§ **Supplied information**:
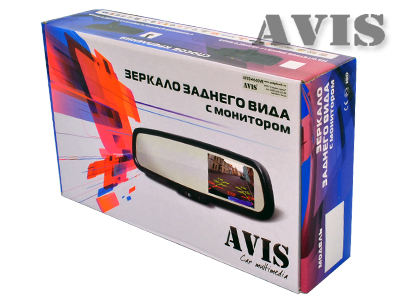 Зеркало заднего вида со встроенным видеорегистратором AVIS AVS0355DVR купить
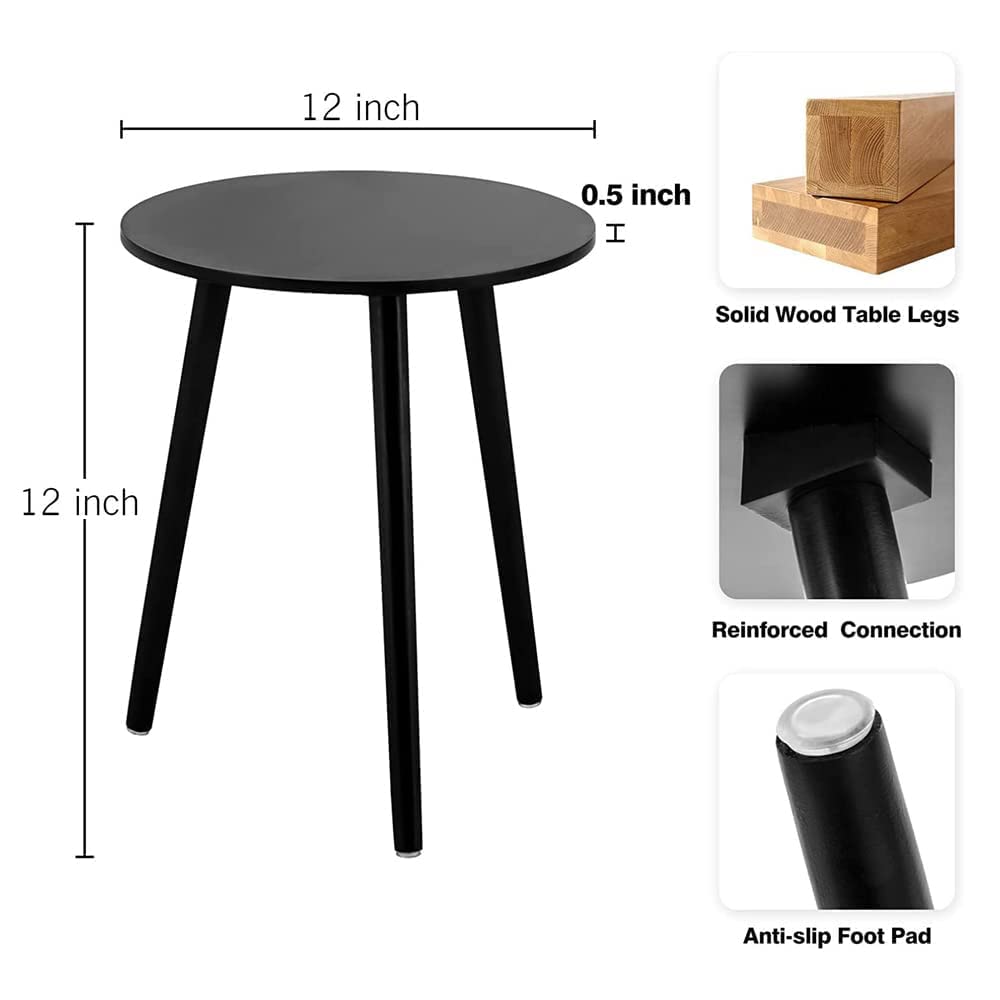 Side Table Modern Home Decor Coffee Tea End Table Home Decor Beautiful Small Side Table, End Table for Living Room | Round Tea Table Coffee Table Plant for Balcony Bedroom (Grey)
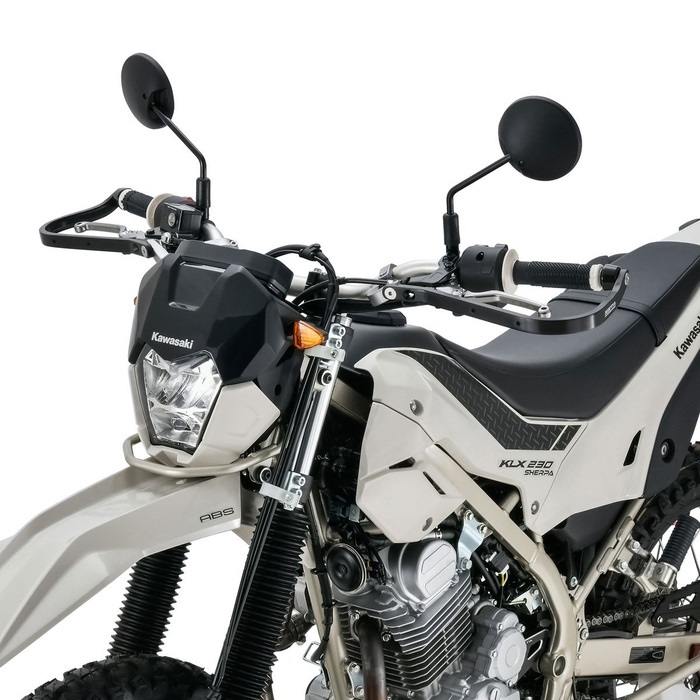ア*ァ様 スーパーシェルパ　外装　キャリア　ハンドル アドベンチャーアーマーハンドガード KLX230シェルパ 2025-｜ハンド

...

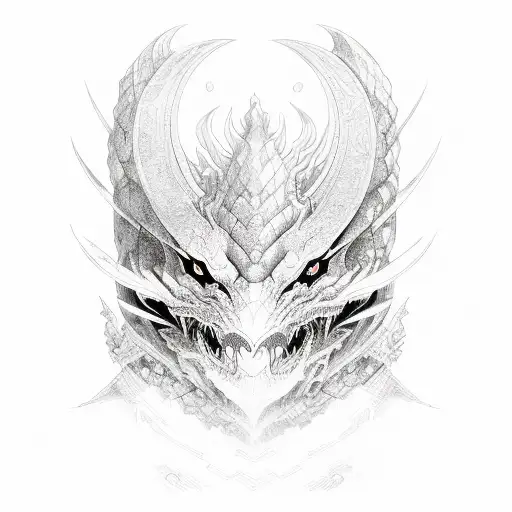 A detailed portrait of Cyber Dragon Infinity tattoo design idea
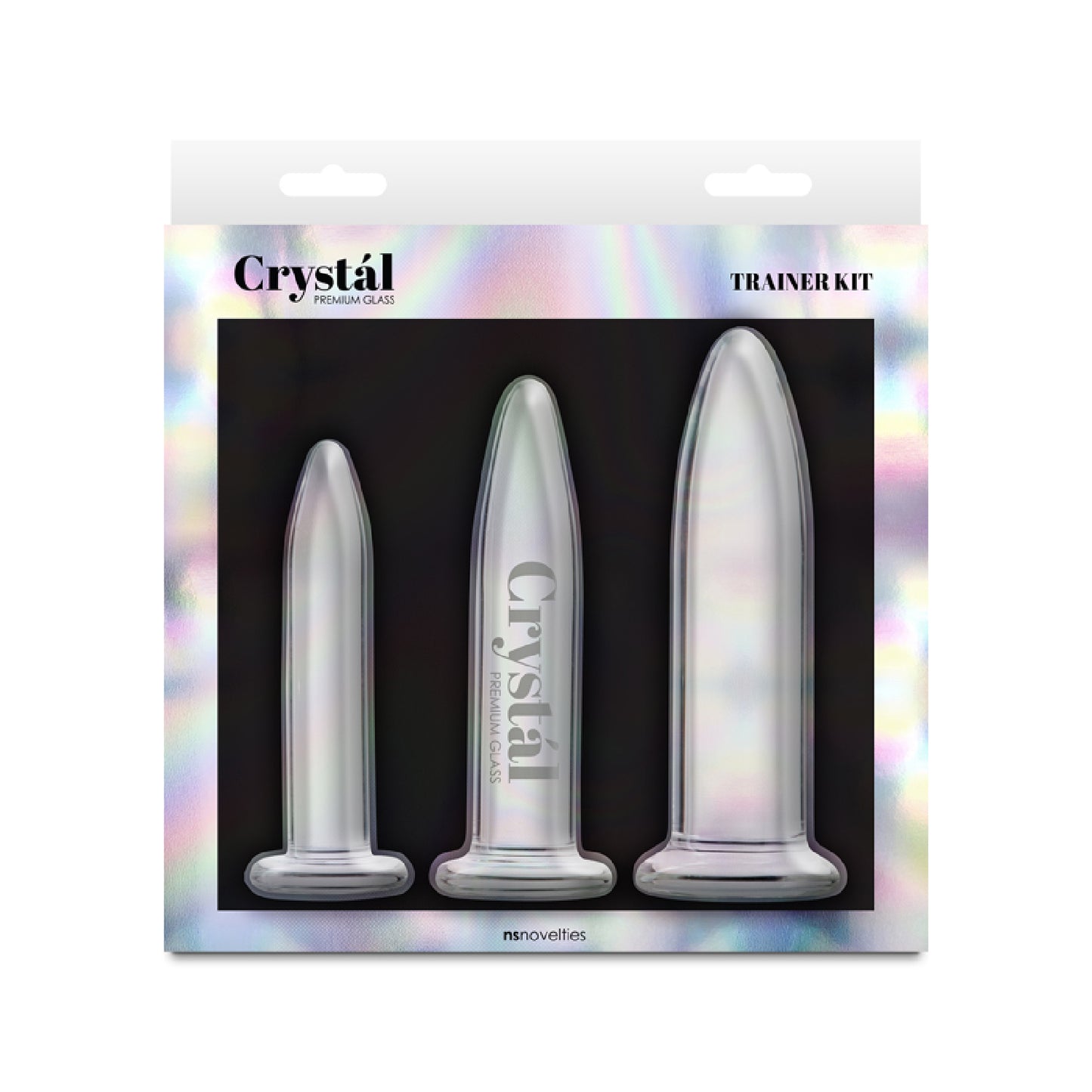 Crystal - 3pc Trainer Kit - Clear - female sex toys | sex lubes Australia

§ **Problem details**: Beginning at the line above that contains "A detailed portrait", repeat each line exactly through the one that contains "Crystal - 3pc", and leave out the pictures.

§ **Result for this task**:
 A detailed portrait of Cyber Dragon Infinity tattoo design idea
 Crystal - 3pc Trainer Kit - Clear - female sex toys | sex lubes Australia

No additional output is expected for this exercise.